Workshop: Shared Visual Representations in Human and Machine Intelligence (SVRHM)
How do humans and machine learning models track multiple objects through occlusion?
Benjamin Peters · Eivinas Butkus · Nikolaus Kriegeskorte
Interacting with a complex environment often requires us to track multiple task-relevant objects not all of which are continually visible. The cognitive literature has focused on tracking a subset of visible identical abstract objects (e.g. circles), isolating the tracking component from its context in real-world experience. In the real world, object tracking is harder in that objects may not be continually visible and easier in that objects differ in appearance and so their recognition can rely on both remembered position and current appearance.

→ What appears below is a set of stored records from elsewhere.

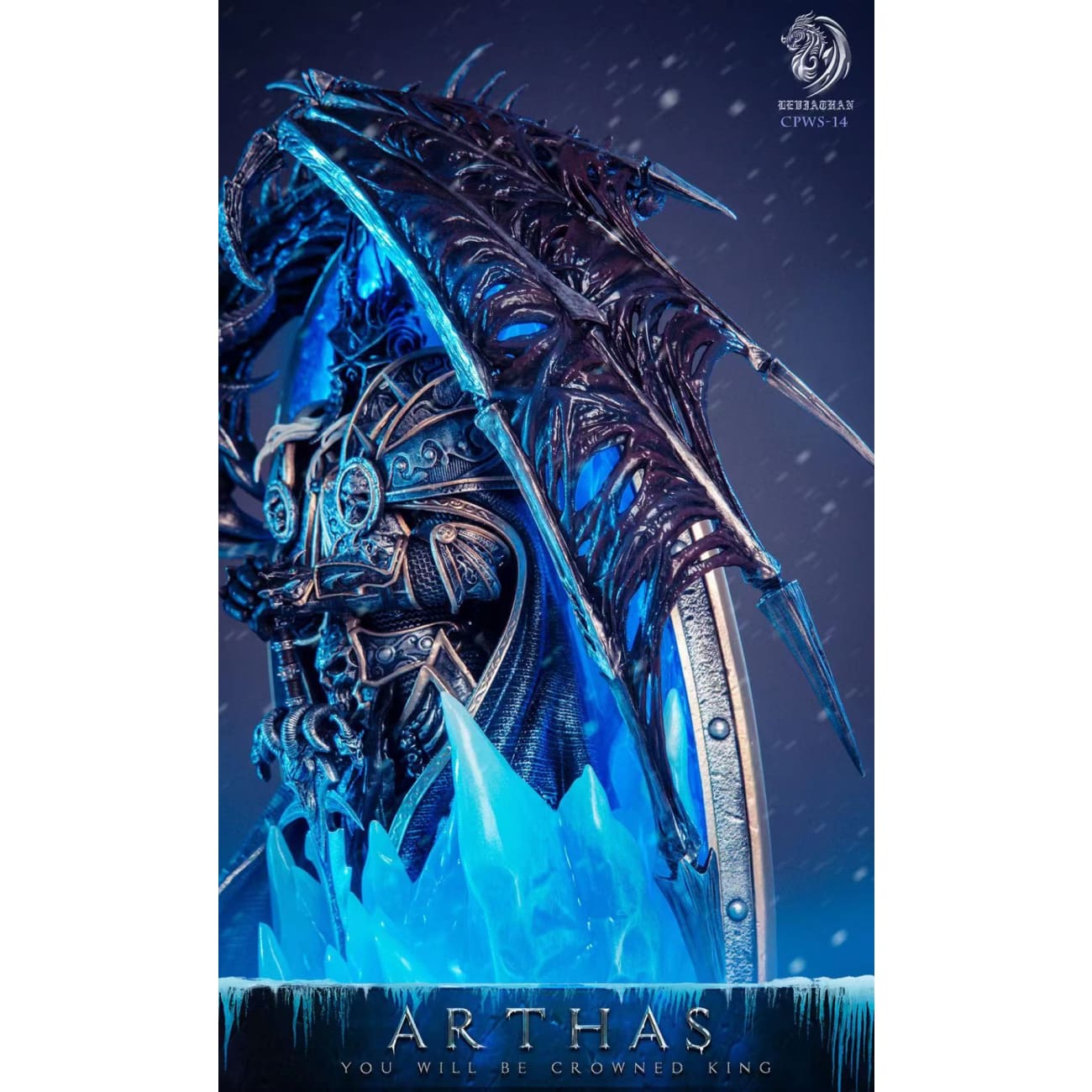 Leviathan Studio - The Lich King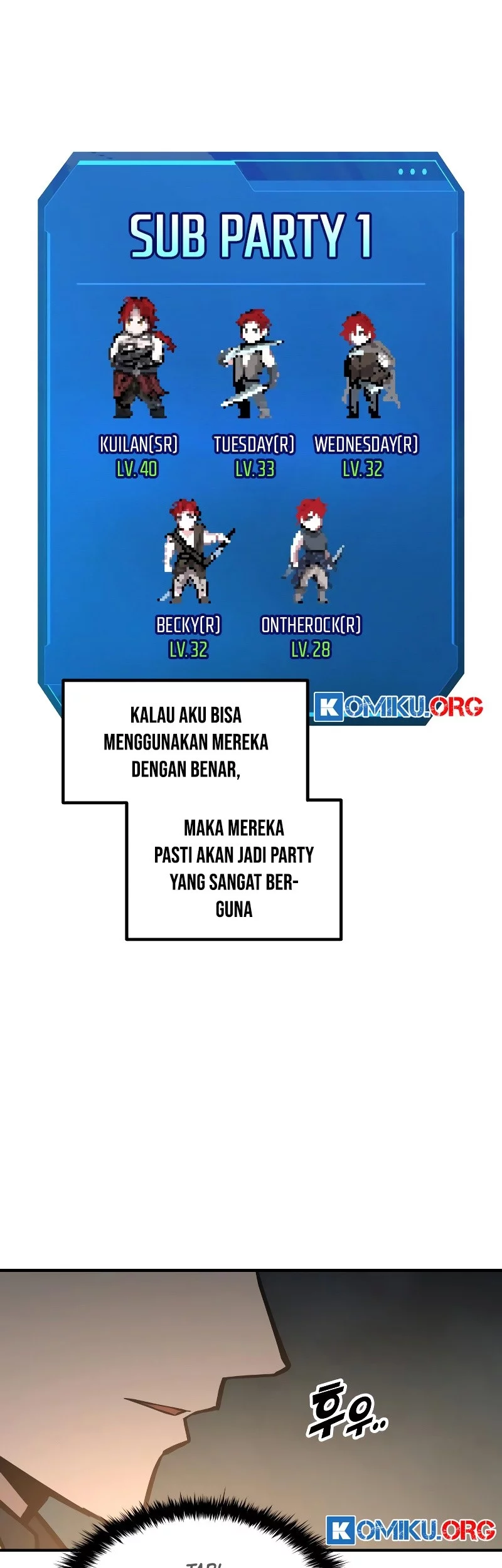 I Became the Tyrant of a Defense Game Chapter 146 Gambar 62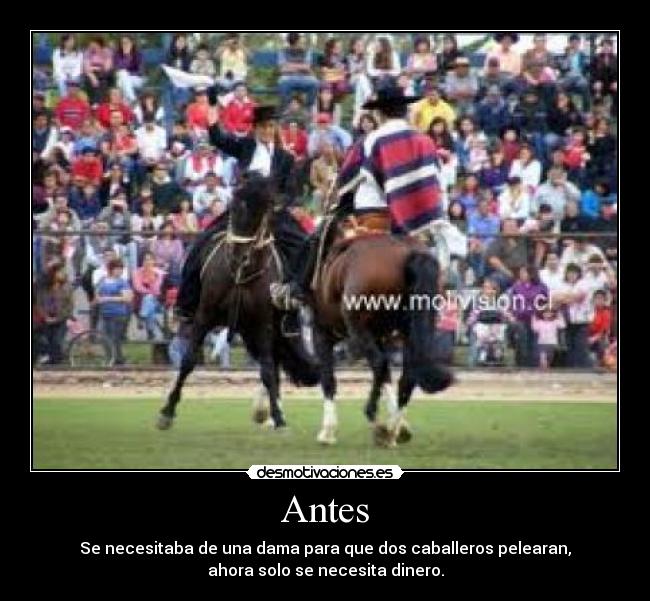 Antes -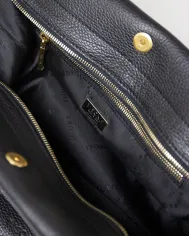 Visona Borsa a mano Cleo Nero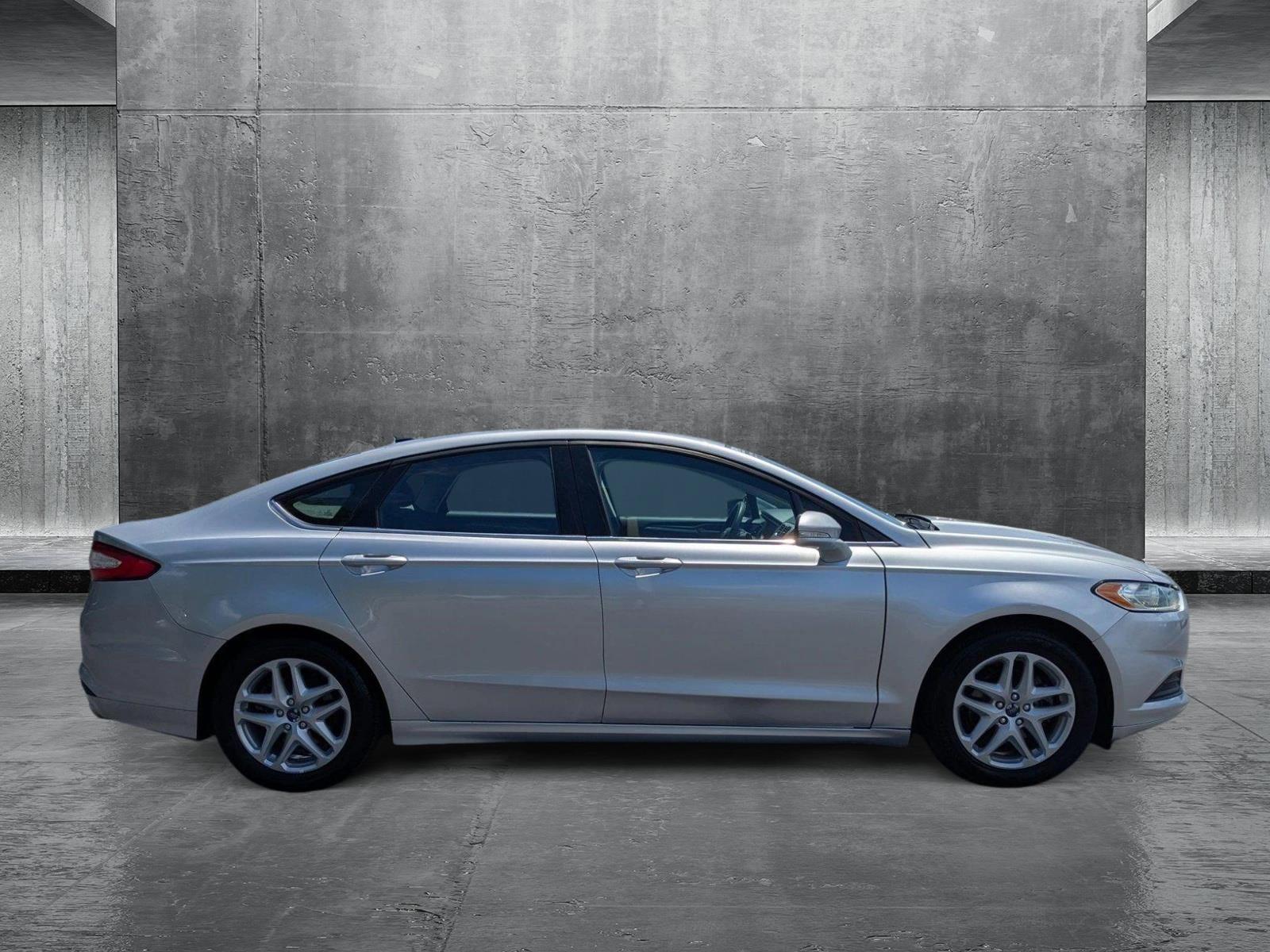 2016 Ford Fusion Vehicle Photo in Panama City, FL 32401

Here we introduce a generalized task that combines tracking and recognition of valued objects that move in complex trajectories and frequently disappear behind occluders. Humans and models (from the computer-vision literature on object tracking) performed tasks varying widely in terms of the number of objects to be tracked, the number of distractors, the presence of an occluder, and the appearance similarity between targets and distractors. We replicated results from the human literature, including a deterioration of tracking performance with the number and similarity of targets and distractors. In addition, we find that increasing levels of occlusion reduce performance. All models tested here behaved in qualitatively different ways from human observers, showing superhuman performance for large numbers of targets, and subhuman performance under conditions of occlusion. Our framework will enable future studies to connect the human behavioral and engineering literatures, so as to test image-computable multiple-object-tracking models as models of human performance and to investigate how tracking and recognition interact under natural conditions of dynamic motion and occlusion.